Start of Block

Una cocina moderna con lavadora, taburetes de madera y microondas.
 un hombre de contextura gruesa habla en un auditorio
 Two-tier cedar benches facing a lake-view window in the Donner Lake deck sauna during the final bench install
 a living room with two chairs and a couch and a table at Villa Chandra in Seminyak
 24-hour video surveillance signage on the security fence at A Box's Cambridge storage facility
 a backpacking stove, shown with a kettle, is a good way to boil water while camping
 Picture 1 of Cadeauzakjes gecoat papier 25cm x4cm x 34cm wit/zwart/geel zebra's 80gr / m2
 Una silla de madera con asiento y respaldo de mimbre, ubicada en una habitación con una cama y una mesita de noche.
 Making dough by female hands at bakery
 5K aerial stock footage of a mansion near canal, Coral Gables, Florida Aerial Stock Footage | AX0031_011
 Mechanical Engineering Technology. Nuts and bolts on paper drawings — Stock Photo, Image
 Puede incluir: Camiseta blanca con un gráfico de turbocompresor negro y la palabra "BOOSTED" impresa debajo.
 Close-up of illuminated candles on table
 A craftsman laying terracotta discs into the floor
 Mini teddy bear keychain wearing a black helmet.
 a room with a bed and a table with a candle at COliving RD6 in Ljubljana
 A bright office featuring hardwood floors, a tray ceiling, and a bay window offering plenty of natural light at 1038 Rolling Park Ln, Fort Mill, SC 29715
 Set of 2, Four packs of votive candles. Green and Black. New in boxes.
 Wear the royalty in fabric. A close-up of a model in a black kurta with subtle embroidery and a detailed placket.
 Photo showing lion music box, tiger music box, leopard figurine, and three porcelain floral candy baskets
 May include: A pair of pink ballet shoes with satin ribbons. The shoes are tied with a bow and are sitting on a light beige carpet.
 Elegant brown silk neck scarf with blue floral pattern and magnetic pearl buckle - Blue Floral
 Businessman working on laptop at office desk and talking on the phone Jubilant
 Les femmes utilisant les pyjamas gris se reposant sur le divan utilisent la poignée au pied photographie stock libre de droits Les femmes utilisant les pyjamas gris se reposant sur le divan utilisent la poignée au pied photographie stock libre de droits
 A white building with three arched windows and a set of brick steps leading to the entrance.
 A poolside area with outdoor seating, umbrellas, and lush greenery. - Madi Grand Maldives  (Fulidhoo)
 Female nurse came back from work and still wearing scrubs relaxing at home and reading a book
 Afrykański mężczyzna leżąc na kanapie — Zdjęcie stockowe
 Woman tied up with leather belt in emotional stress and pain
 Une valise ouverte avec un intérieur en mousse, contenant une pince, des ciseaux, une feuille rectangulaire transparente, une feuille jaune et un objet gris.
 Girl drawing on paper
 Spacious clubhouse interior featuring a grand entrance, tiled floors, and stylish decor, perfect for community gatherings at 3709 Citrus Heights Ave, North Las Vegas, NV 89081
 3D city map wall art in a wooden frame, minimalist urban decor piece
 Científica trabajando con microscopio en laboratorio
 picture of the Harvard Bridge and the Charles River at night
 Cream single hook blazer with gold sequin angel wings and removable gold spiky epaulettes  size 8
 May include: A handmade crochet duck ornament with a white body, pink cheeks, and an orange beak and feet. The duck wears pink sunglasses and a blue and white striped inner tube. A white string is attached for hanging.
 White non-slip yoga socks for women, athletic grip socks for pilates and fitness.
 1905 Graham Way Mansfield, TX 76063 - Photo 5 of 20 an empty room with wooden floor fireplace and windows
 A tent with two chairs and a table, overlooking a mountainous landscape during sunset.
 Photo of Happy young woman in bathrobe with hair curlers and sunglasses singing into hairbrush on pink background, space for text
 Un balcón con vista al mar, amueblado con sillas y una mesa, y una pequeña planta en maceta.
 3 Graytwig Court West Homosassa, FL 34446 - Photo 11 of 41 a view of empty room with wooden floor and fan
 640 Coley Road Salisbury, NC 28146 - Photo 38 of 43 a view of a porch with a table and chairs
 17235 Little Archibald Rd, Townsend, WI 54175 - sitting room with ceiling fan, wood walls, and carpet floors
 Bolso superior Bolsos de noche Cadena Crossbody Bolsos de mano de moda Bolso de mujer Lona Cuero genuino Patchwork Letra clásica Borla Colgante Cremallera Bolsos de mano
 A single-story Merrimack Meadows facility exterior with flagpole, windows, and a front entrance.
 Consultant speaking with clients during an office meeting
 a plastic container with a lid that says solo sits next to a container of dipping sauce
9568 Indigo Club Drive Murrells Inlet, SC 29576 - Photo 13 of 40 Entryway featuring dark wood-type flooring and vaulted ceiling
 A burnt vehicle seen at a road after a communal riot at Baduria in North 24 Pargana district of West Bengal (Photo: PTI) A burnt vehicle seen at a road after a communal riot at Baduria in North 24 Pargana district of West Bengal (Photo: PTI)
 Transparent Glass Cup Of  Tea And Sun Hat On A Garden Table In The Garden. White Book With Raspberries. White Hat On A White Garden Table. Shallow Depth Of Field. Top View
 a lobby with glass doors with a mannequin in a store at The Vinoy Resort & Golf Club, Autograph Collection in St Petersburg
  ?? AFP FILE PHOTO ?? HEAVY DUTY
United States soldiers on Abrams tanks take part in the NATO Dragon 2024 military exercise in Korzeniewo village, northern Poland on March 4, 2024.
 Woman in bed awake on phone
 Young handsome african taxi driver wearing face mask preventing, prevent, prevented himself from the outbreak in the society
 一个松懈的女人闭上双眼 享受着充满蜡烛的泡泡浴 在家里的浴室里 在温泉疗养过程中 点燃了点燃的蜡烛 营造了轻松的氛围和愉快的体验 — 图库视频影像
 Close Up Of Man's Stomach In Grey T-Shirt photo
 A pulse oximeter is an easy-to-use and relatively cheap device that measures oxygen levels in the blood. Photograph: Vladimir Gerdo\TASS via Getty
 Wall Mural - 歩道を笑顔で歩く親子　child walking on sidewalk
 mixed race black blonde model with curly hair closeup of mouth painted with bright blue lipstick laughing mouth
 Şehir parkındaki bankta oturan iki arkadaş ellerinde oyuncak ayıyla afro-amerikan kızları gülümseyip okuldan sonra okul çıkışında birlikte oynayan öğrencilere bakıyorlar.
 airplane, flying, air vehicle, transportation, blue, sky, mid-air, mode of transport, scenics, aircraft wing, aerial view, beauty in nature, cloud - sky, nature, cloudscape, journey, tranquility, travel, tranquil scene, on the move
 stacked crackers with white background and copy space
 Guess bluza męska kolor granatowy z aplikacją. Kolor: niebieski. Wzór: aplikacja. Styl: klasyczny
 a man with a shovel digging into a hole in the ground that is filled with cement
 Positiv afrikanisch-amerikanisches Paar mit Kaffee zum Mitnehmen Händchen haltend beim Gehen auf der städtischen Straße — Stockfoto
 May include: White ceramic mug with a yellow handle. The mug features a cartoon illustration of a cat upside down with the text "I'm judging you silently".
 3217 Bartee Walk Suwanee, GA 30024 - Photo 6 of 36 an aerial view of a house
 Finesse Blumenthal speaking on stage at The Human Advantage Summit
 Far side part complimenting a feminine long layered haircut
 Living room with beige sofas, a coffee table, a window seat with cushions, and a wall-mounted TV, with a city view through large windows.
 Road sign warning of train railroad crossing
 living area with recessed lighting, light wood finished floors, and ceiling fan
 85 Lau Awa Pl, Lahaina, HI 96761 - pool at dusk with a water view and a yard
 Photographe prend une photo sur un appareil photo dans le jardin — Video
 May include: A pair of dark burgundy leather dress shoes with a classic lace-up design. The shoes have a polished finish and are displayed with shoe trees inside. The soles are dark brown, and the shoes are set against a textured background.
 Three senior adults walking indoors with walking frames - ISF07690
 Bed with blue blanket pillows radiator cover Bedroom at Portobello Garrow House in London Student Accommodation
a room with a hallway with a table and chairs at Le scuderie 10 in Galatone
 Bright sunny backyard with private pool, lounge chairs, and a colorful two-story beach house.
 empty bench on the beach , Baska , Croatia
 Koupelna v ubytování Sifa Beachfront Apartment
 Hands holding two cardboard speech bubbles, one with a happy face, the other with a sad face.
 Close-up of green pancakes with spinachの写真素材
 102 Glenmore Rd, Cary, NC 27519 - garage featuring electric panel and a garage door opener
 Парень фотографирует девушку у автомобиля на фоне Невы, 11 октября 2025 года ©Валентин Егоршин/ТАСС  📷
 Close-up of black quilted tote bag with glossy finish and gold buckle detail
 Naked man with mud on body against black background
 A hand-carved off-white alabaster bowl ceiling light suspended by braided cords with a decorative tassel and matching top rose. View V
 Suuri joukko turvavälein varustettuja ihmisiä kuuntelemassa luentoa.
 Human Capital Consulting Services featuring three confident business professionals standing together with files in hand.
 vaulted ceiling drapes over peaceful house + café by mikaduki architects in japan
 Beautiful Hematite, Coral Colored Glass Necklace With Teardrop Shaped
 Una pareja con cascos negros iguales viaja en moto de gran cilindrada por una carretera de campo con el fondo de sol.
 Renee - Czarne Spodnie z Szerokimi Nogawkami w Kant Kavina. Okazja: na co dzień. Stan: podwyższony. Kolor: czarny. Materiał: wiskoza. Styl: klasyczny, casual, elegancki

End of Block

> **WHAT THE EXERCISE ASKS**
Write down again, exactly as given, only the lines above that fall from the line with "a living room" to the line with "Picture 1 of", inclusive.

> **ANSWER BOX**
 a living room with two chairs and a couch and a table at Villa Chandra in Seminyak
 24-hour video surveillance signage on the security fence at A Box's Cambridge storage facility
 a backpacking stove, shown with a kettle, is a good way to boil water while camping
 Picture 1 of Cadeauzakjes gecoat papier 25cm x4cm x 34cm wit/zwart/geel zebra's 80gr / m2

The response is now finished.